▶ Work to be completed:
Using the data below, transcribe exactly everything from the line that contains "the crock pot" down to the line that contains "2002-2004 Replacement for". Include both of those lines and none of the pictures.

▶ The data:
***
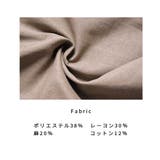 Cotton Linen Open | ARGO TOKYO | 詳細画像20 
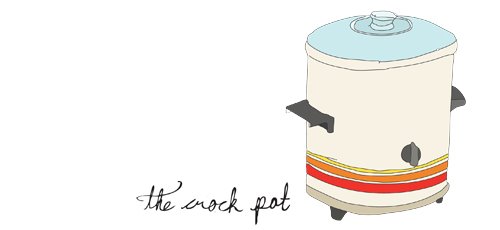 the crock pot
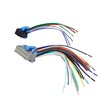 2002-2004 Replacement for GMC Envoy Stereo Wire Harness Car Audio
***
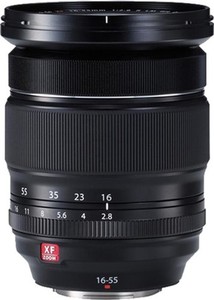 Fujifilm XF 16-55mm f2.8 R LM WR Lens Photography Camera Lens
***
▶ Response below:
 the crock pot
 2002-2004 Replacement for GMC Envoy Stereo Wire Harness Car Audio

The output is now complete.